# What is being asked:
Transcribe every line from the one containing "El muelle de" through the end of the records below, exactly, but not the pictures.

# Supplied data:
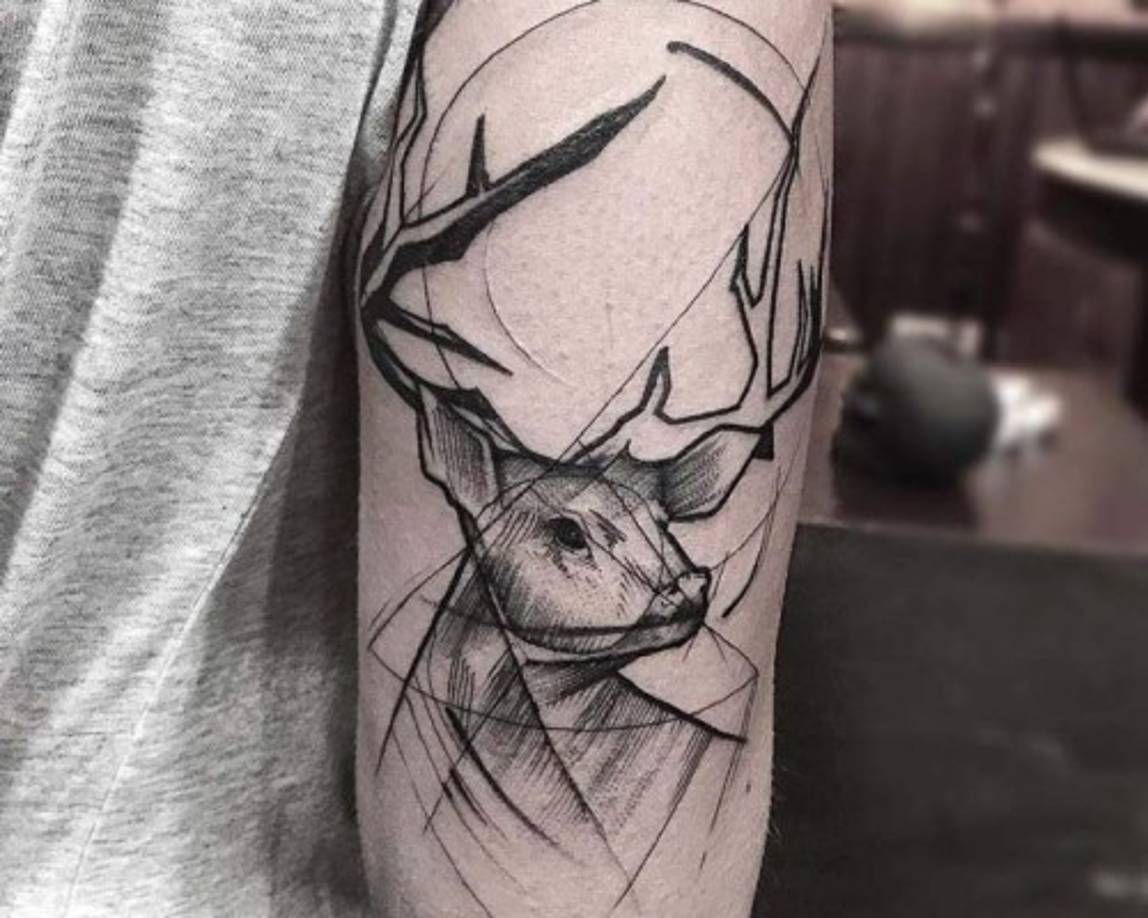 Imagen tomada de https://www.taringa.net/posts/imagenes/19444914/Tatuajes-geometricos.html. Artista CarrilhoTattoo, Facebook.
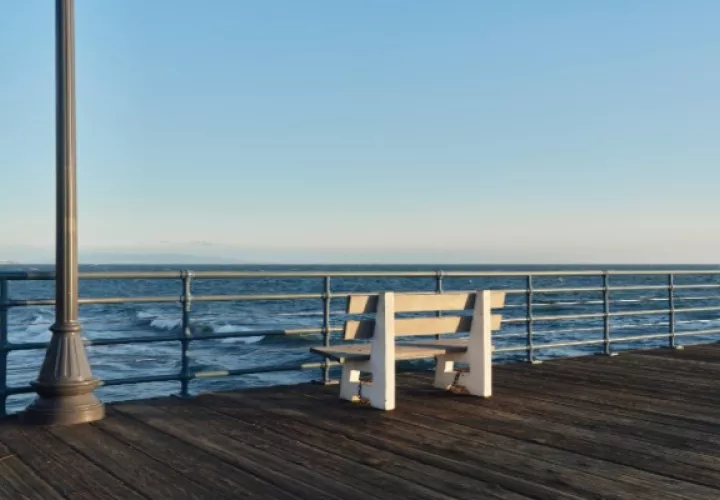 El muelle de Santa Mónica cuando estaba cerrado a los visitantes por la pandemia de coronavirus, en Santa Mónica, California, el 18 de marzo de 2020. (Philip Cheung/The New York Times)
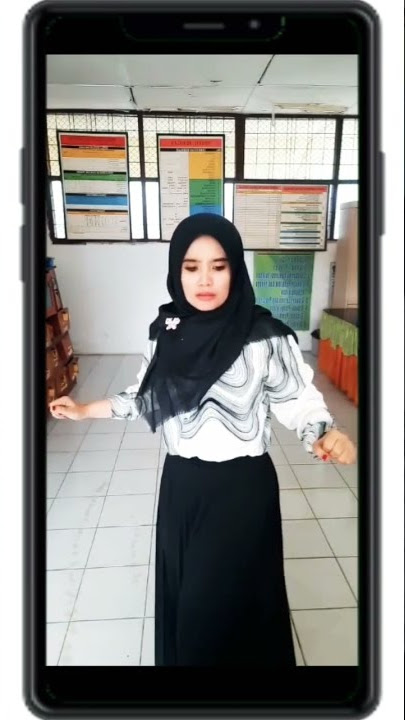 Bu Guru Juwita AW AW iseng-iseng main TikTok ternyata jadi VIRAL #shorts #tiktok #tiktokviral #viral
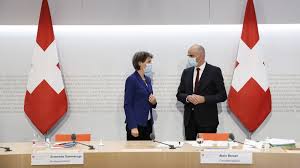 1er juillet 2020, conférence de presse du conseil fédéral. Coronavirus Fermetures A 19 H 5 Personnes Maximum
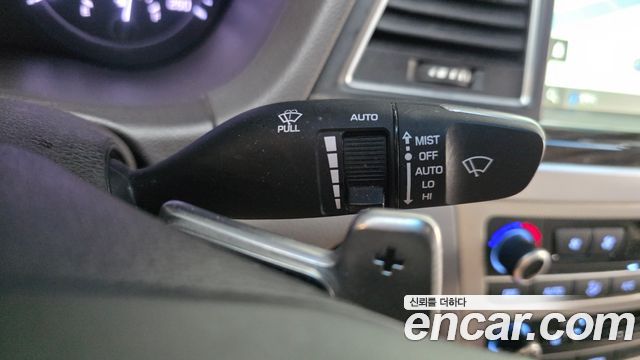 Genesis G80 2018 — photo 34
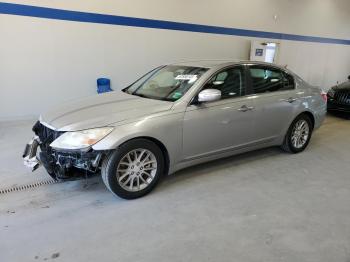 Salvage Hyundai Genesis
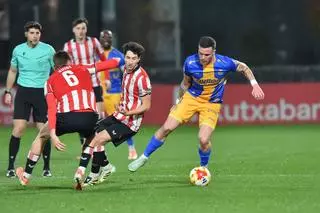 Imágenes del encuentro ente el Bilbao Athletic y el Real Avilés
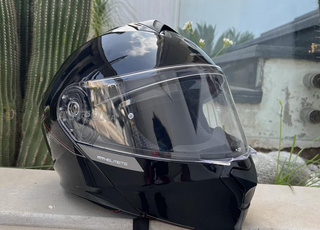 Mt helmets casque noir genesis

# Expected answer:
 El muelle de Santa Mónica cuando estaba cerrado a los visitantes por la pandemia de coronavirus, en Santa Mónica, California, el 18 de marzo de 2020. (Philip Cheung/The New York Times)
 Bu Guru Juwita AW AW iseng-iseng main TikTok ternyata jadi VIRAL #shorts #tiktok #tiktokviral #viral
 1er juillet 2020, conférence de presse du conseil fédéral. Coronavirus Fermetures A 19 H 5 Personnes Maximum
 Genesis G80 2018 — photo 34
 Salvage Hyundai Genesis
 Imágenes del encuentro ente el Bilbao Athletic y el Real Avilés
 Mt helmets casque noir genesis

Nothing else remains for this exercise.